Readers of this site are probably aware that you can’t read too much into statistics this early in the season because players have only given us a small sample of data to work with. The concept is that there isn’t enough data in a small sample to make an informed conclusion about the data that is available. This is technically true, but one of my biggest pet peeves in baseball analysis is that analysts seldom, if ever, define the population of data they are sampling and therefore do not actually prove that the sample is small. This drives me up the wall because frequently even good analysts suggest that a sample is small, when, in fact, it is not. Good baseball analysts also tend to dismiss trends drawn from small samples too quickly. The purpose of this post is to correct a few of these assumptions, and hopefully offer something helpful to the debate.

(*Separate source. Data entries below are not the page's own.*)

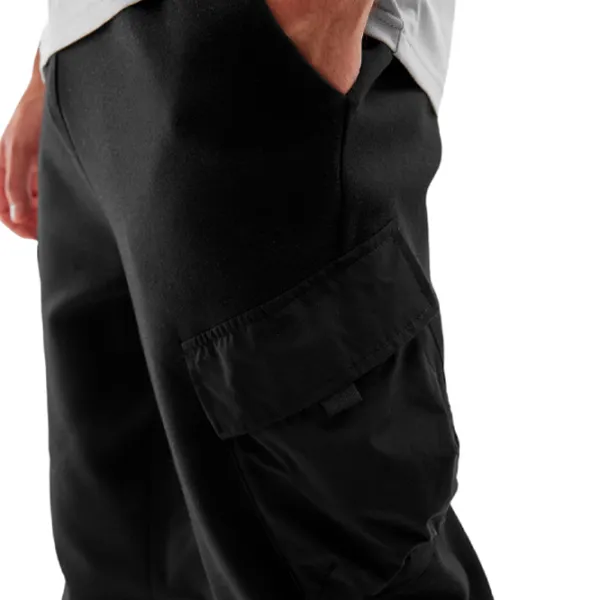 Спортивные брюки для мужчин 4F cargo joggers S/ Черный photo 4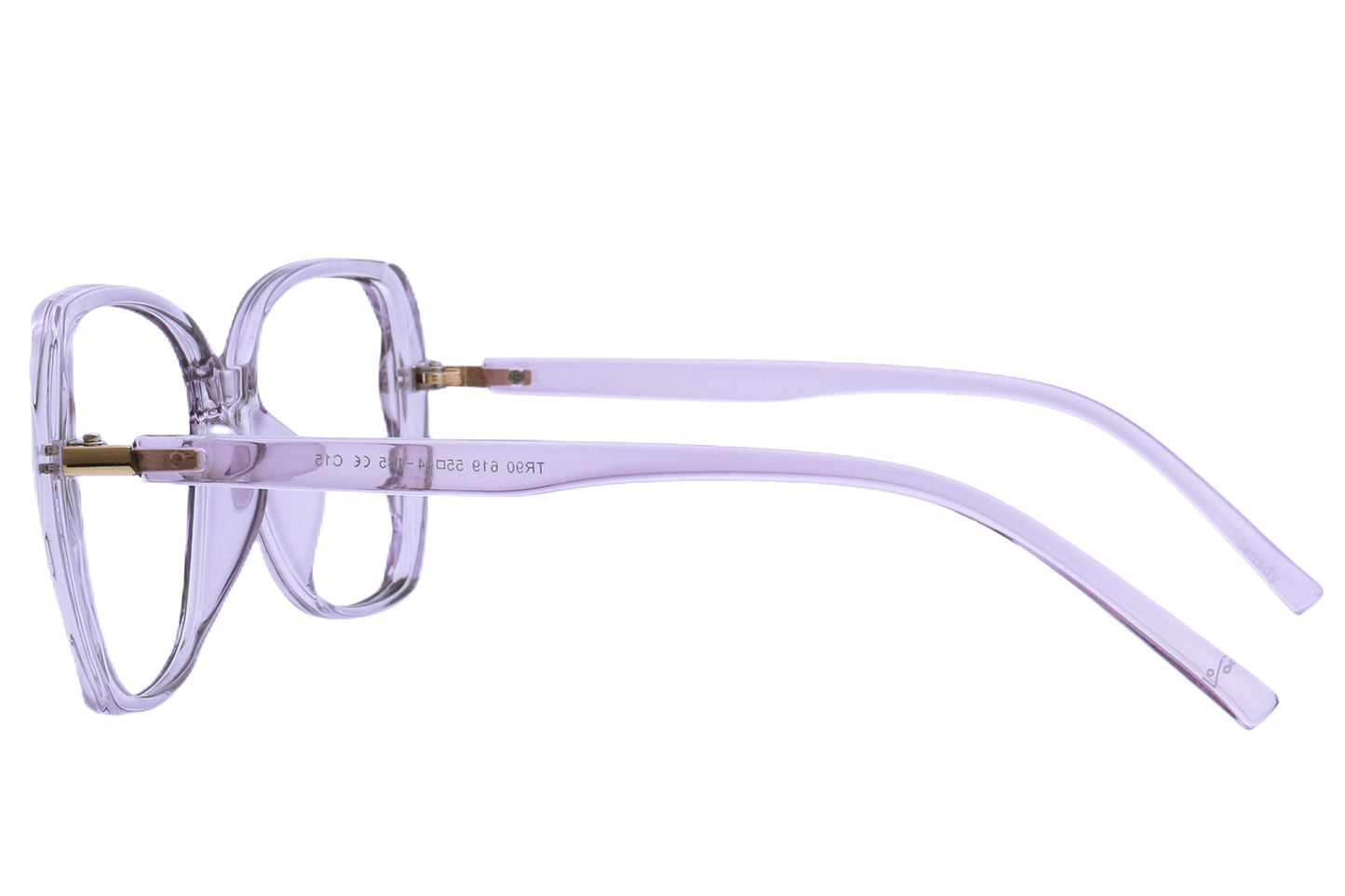 Oversized Wayfarer Eyeglasses Frame - Bold & Stylish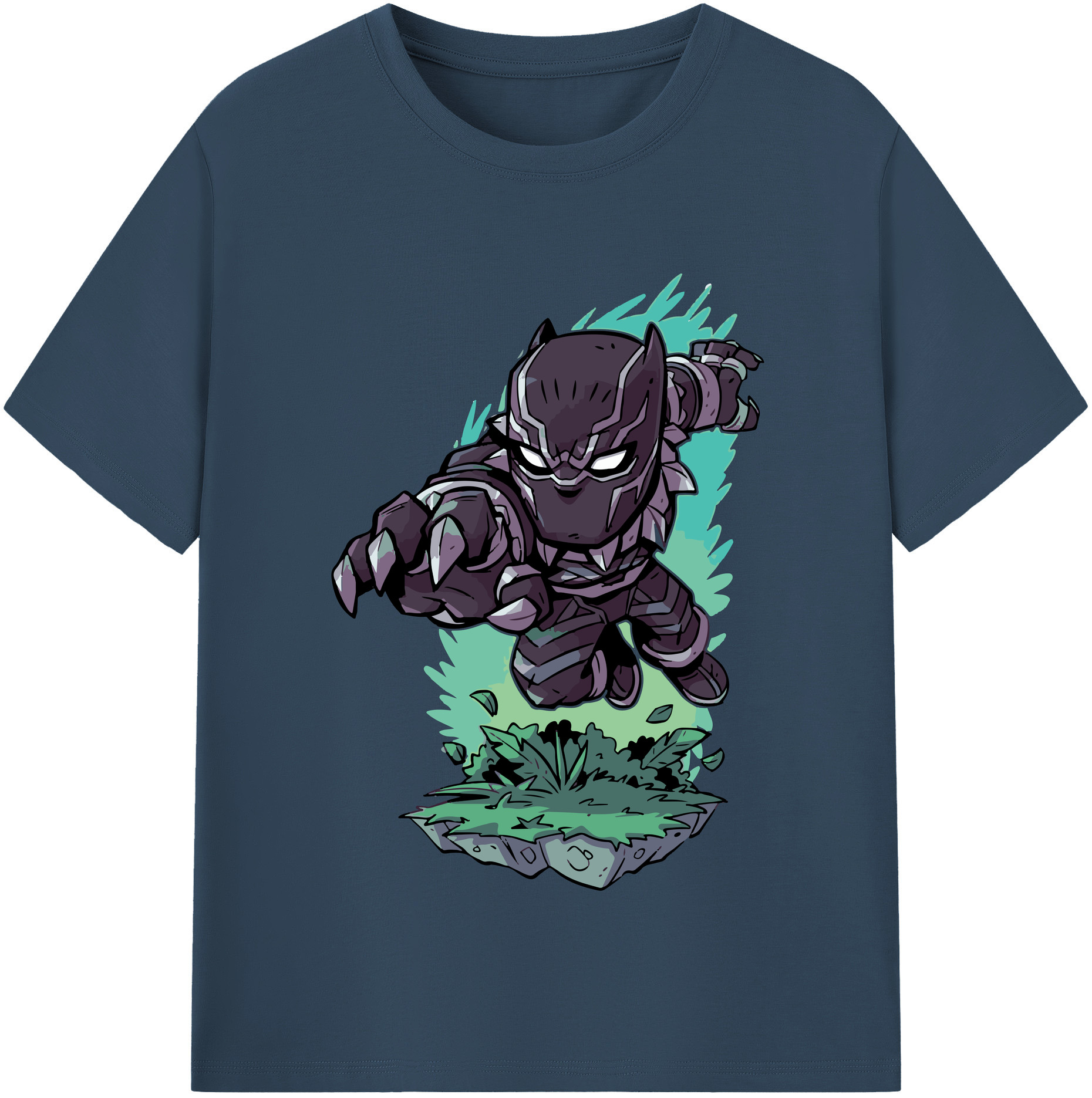 （画像用） アベンジャーズ The Avengers レディースカジュアルプリントTシャツ（綿100％）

The number one mistake baseball analysts typically make when discussing a small sample of data is failing to understand what defines a small sample. Instead, the concept of the small sample is thrown around to describe any data that the analyst feels was collected over a period of time that does not accurately reflect the player or team’s true potential performance. You may, for example, see someone suggest that through early May it is unwise to read too much into a player’s performance because the amount of data provided constitutes a small sample. This seems true because we know, for example, that Mark Teixeira‘s numbers through May of last year did not reflect his season totals, but in Tex’s case early May actually was a large sample, by definition. Don’t take my word for it. According to Kaplan’s MBA Fundamentals Statistics, a small sample is “defined as a sample size of 30 or fewer items” (page 98). That means that by virtually any measure — games, at-bats, plate appearances — Tex has provided us a large sample of data to work with through the first five weeks of the season. That sample just didn’t reflect the performance we’d wanted to see.
The number 30 is not an arbitrary cutoff point for separating small and large samples. Its definition is rooted in an important distinction of statistical inference, the use of statistics to draw conclusions about populations of data (the entire collection of data possibly available) using only samples (subsets of those entire populations). At samples of 31 data points or more, the t-distribution, which is the distribution used in statistics to draw conclusions when only a small sample of data is available, approximates the normal distribution. At that size, the two distributions are approximately the same (Kaplan, page 104). Below 30 observations, the t-distribution is bell-shaped, similarly to a normal distribution, except it has fatter tails. This means that its mean is more likely to be influenced by outlier values than is the case in a normal distribution.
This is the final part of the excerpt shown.